Another important facet of this approach is that it appears to be superior to the strategy of using immunogenic proteins such as Ag85A directly as the primary vaccine. Some degree of immunity can certainly be generated against such proteins (such as Ag85, ESAT-6, and the 45-kDa protein, etc.) in the mouse model (10, 12), but this immunity does not usually exceed that conferred by BCG, and more importantly, there are no data yet to show that a sustained long-lived state of memory immunity can be established using individual proteins or mixtures of proteins. In our own experience, Ag85A can induce modest levels of protection in mice challenged 30 days later (2). In guinea pigs no effect on the bacterial load is observed, although some modest pathological benefit in terms of some degree of lymphocytic granuloma formation in lungs coupled with reasonable long-term survival can be seen (unpublished observations); this, however, does not compare to the benefit from BCG, with which the bacterial load is reduced 2 to 3 log units and the animals live for much of their normal life span. A much better result is obtained if the Ag85A is delivered in the form of a DNA vaccine, with which good long-term survival can be seen (9). Again, however, this strategy does not appreciably reduce the bacterial load in the sensitive guinea pig model.

It is unknown why Ag85A cannot prime test animals to the degree achieved by BCG, and this underscores our present inability to induce a strong TH1 primary and long-lived memory response to nonliving vaccines similar to levels attained using BCG. A huge limitation is the paucity of vaccine adjuvants; we and others have worked with relatively mild adjuvants such as monophosphoryl lipid A and dimethyl-dioctadecyl ammonium bromide primarily because we need a material that could be safely given to people. These alone are probably not enough to induce long-lived TH1 immunity, but they may be enough to allow boosting with antigen if a TH1 state of immunity is already imprinted in the host in the form of specific immunological memory.

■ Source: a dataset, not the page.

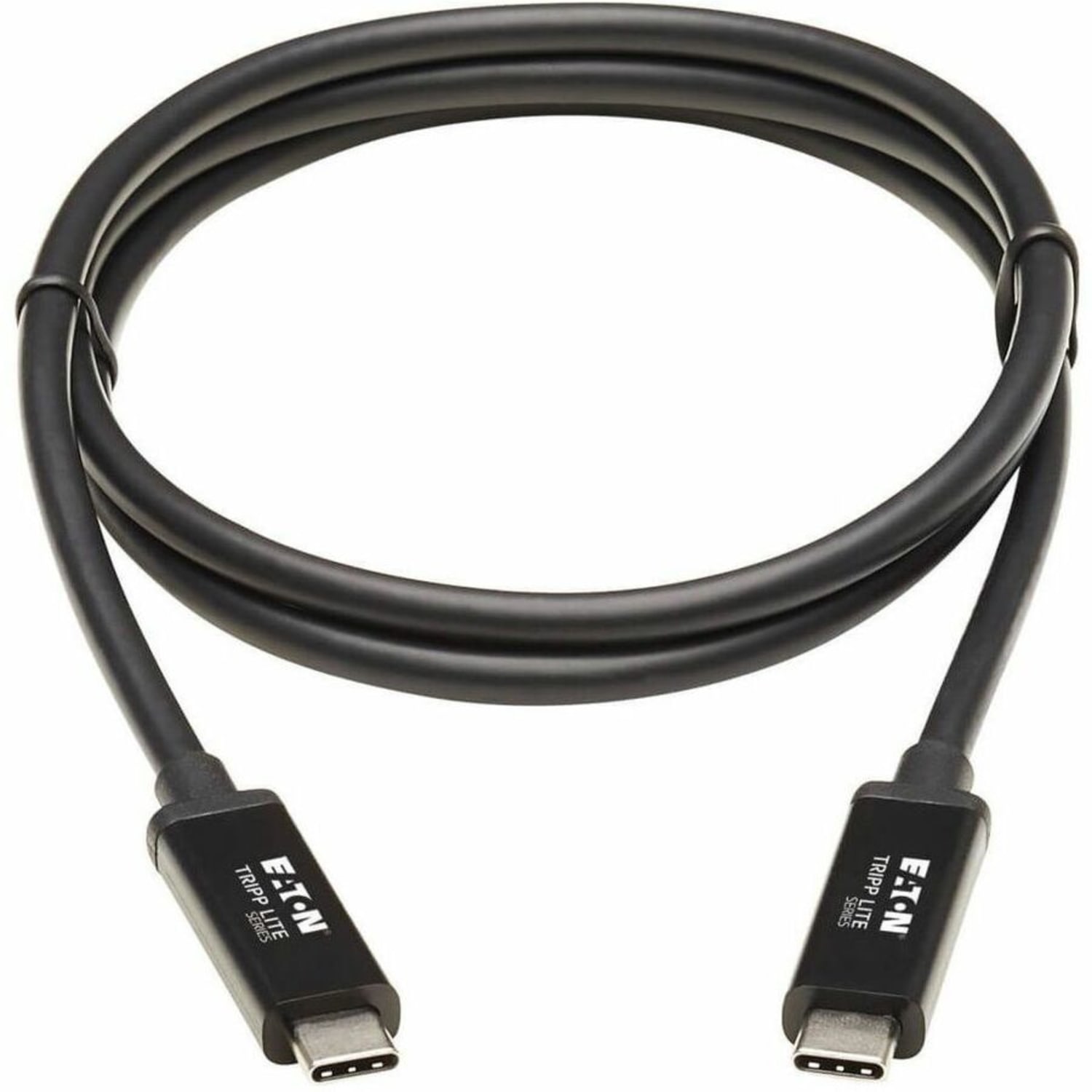 Tripp Lite Thunderbolt 3 Cable 40 Gbps Active 5A 100W PD 4K USB C M/M 1M - First End: 1 x USB Type C Male Thunderbolt 3 - Second End: 1 x USB Type C Male Thunderbolt 3 - 5 GB/s - Supports up to 3840 x 2160 - Nickel Plated Connector - Black - Image 4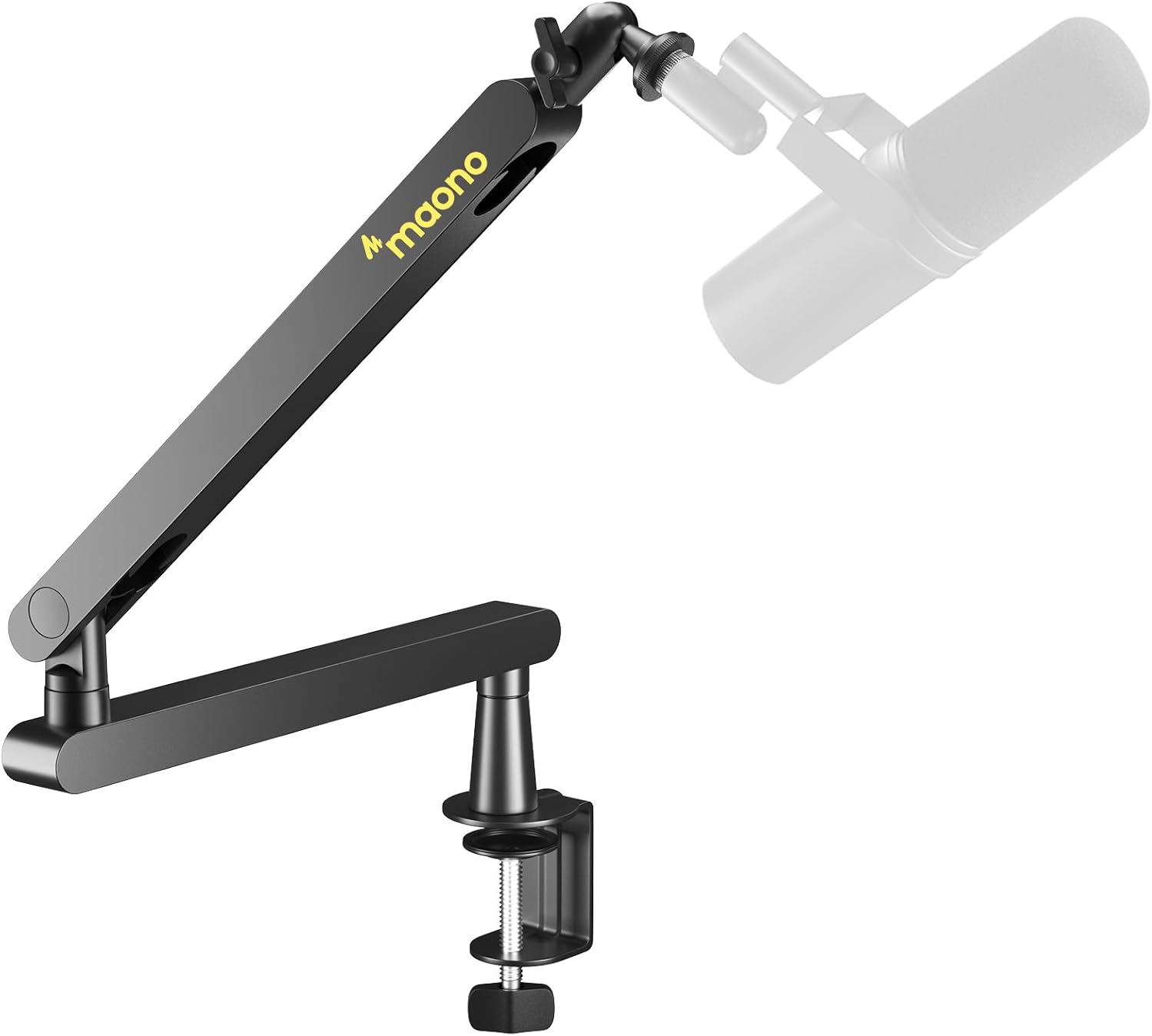 MAONO Microphone Boom Arm, Low Profile Mic Arm with Cable Management Channels, Desk Mount Clamp, Fully Adjustable, Heavy Duty Mic Stand for Podcast Studio Streaming (BA92 Black)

Finally, while there is a desperate need to develop new tuberculosis vaccines to deal with the global emergency in general, in more developed countries tuberculosis continues to be relatively common in elderly people (16, 17). In the United States, for instance, people over the age of 65 have for some time now represented the fastest-growing segment of the overall population. While primary tuberculosis sometimes occurs in these individuals, the majority of cases are thought to be due to reactivation of latent disease acquired many decades earlier (17). In view of this, the vaccine strategy espoused here may also have applications to prevention of reactivation tuberculosis in the elderly.